One open source solution that you have is with Nvidia Nemo
guardrails. So this is basically for building
trustworthy, safe and secure llms. So you can define the
guardrails or rails and to guide and safeguard,
guide and have a safeguarded conversation. And you can
also choose to define the behavior of your LLM based application
for specific topics and prevent it from engaging in any
discussions which are in unwanted topics. You can also
start connecting different models using LAN chain and
other services which you can have. So it's kind of like a shim
layer which is sitting between your application which
is going to be invoking an LLM. So here you can define all your
programmable guardrails and then you
can kind of steer your llms in order to follow a predefined
conversation path and enforce standard operating
procedures. So these kind of standard operating procedures
are some of the core context
when it comes to building an operational excellence practice,
especially when you are building out the llms. So these are some
of the same points which I have mentioned. And you
can have a look at GitHub and there is, I'll give you
a link towards the end of the session as well,
where within Amazon bedrock samples
are available which you can take a look at it and you can see how
the guardrails have been incorporated, is basically a config
YAML file and you give an
input rail and the input rails are basically applied to
the inputs from the user and it can reject the input or
we can stop any additional processing. Then you have the dialogue
rails which is to influence how the LLM is prompted
and they operate on the canonical form messages. You have the
retrieval rails which are applied on the retrieval chunk. In the case of
say rag scenario, a retrieval rail can reject
a chunk or prevent it from being used to prompt the LLM. You have
the execution rail and finally you have the output rails. So these
are like five different levers which you can control
and you can write your config in a config yaml.

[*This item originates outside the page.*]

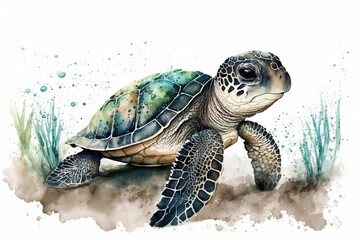 Wall Mural - Illustration of a sea turtle swimming underwater in a watercolor style, generative ai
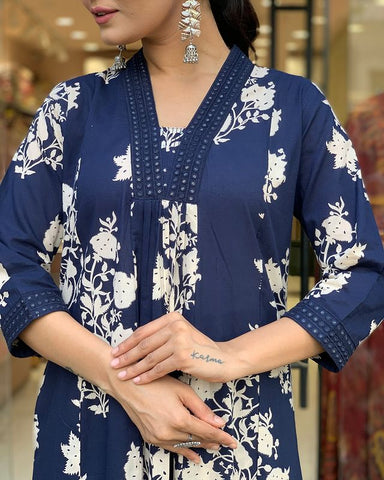 Navy Blue Floral Anarkali Kurta Set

If you go into the GitHub for this particular guardrail,
the Nemo guardrails, you will be able to find more details in
there. But this is just an introduction of what kind of guardrails you can add
into your LLM invocation. So that you are
ensuring that it's safe and you're ensuring
the responsible AI best practices when using llms.
And finally, this is how it would look when you are using it with Amazon
bedrock where you would have the central layer of all the guardrails
that you are having. You have the invoker in here and ultimately the bedrock model
coming in here and the Neemo guardrails would apply at the central layer.
So that is the shim layer that is sitting between your LLM
which is exposed via the bedrock and then the invoker who is
giving that. And finally
the GitHub handle where you can find the details of Amazon bedrock workshop.
And this is a screenshot of the UI that you have that
closes every, all the topics that I wanted to cover for this session.
Talking all the way from what bedrock is what
it is offering. How do you invoke bedrock, what kind
of observability you're getting out of the box. And finally the guardrails
which you can apply for bedrock. Hope this helps.
Thank you so much for your time. It's been a pleasure.